Sulla questione Jobs Act, quanto e come questo sarà superato lo vedremo: sarà, per esempio, reintrodotto l’articolo 18? Sul discorso reddito di cittadinanza, ancora permane quell’ambiguità che dall’inizio mai è stata chiarita: si tratta di uno strumento di contrasto alla povertà o è uno strumento di politica del lavoro? Naturalmente, non si tratta di equivoci accidentali, semplicemente il Ministro Di Maio in questo momento preferisce sorvolare su alcuni aspetti applicativi, per quanto fondamentali per capire la natura dei provvedimenti possibili.
Ciò su cui invece è stato molto chiaro, riguarda – in materia di lavoro – il rilancio dei Centri per l’impiego e – in materia di sviluppo economico – il caso Ilva. Sul primo punto, possiamo dire – con qualche perplessità – che la capacità degli uffici di collocamento nell’intercettare la domanda di lavoro (aziende) è storicamente debole, ci sembrava si fosse fatto qualche passo avanti nella politica del lavoro. Così si torna a più di 20 anni fa, quando per la prima volta (1996) il servizio del pubblico impiego perdeva il suo monopolio a favore degli operatori privati. La Corte europea, in merito al ricorso contro la Job Centre, si pronunciava dicendo che non è giusto che lo Stato italiano operi in regime di monopolio e, soprattutto, nemmeno è in grado di rispondere da solo al matching tra domanda e offerta di lavoro.
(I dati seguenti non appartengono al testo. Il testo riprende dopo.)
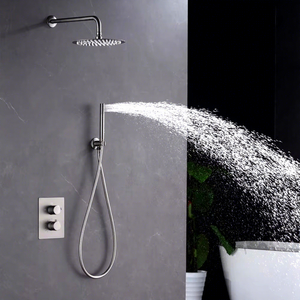 Ensemble de système de <span class=keywords><strong>douche</strong></span> gris pistolet avec tête de pluie ronde de 10 pouces et robinet à main - Product Image 1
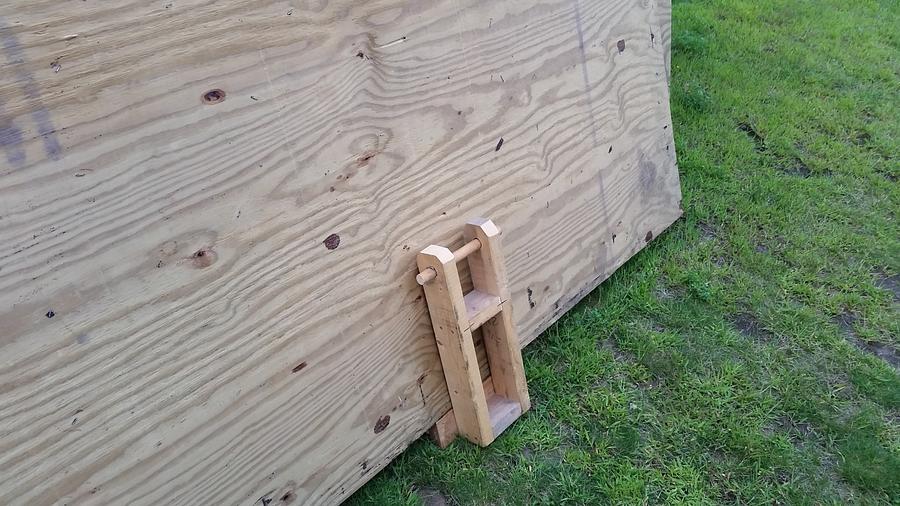 Plywood carrying tool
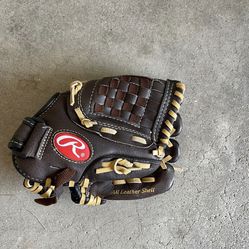 Rawlings Youth Baseball Glove- Brown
Il rilancio dei servizi per l’impiego avrà come effetto quello di aumentare la spesa e di riprodurre livelli di burocrazia che, in alcune regioni, erano stati superati dal ruolo crescente degli operatori privati dei servizi per il lavoro.
Per quanto riguarda Ilva, il caso sta conoscendo complicazioni pericolose perché Di Maio ha inviato al presidente dell’Autorità anticorruzione, Raffaele Cantone, i documenti relativi alla gara che a giugno 2017 si è chiusa con l’aggiudicazione del gruppo siderurgico in amministrazione straordinaria ad Am Investco, dando così seguito alla lettera inviatagli dal presidente della Regione Puglia, Michele Emiliano, che gli ha segnalato possibili irregolarità nella gara e chiedendo allo stesso Ministro di interessare l’Anac.
Emiliano, in particolare, chiede a Di Maio di “disporre opportune verifiche sulla correttezza della procedura di gara espletata, eventualmente avvalendosi dell’Anac, organo deputato istituzionalmente alla vigilanza e controllo delle procedure di affidamento di contratti ad evidenza pubblica”. Emiliano mette a confronto le due offerte in gara un anno fa, ovvero Am Investco, controllata da Mittal, e Acciaitalia con Jindal e Cassa depositi e prestiti e dice che “la preferenza accordata” ad Am Investco “appare incongrua perché basata sostanzialmente solo sull’offerta economica senza alcuna considerazione degli aspetti qualitativi della medesima offerta”.
Di Maio, di fronte a questa richiesta, non poteva che inviare il dossier a Raffaele Cantone. Il caso che arriva ad Anac potrebbe segnarne il definitivo colpo di grazia, dopo la proroga del commissariamento al 15 settembre. Il contratto con Am Investco prevedeva una possibile proroga di 90 giorni dopo il 30 giugno, quindi – per il momento – la situazione resta ordinaria per quanto complessa. Oltre la data della proroga, Mittal potrebbe chiedere danni se la gara risulterà regolare, anche in considerazione del fatto che nessuno vi ha fatto ricorso. Secondo indiscrezioni, Anac potrebbe rispedire a Di Maio il dossier in 48 ore. E sono in molti ad augurarselo.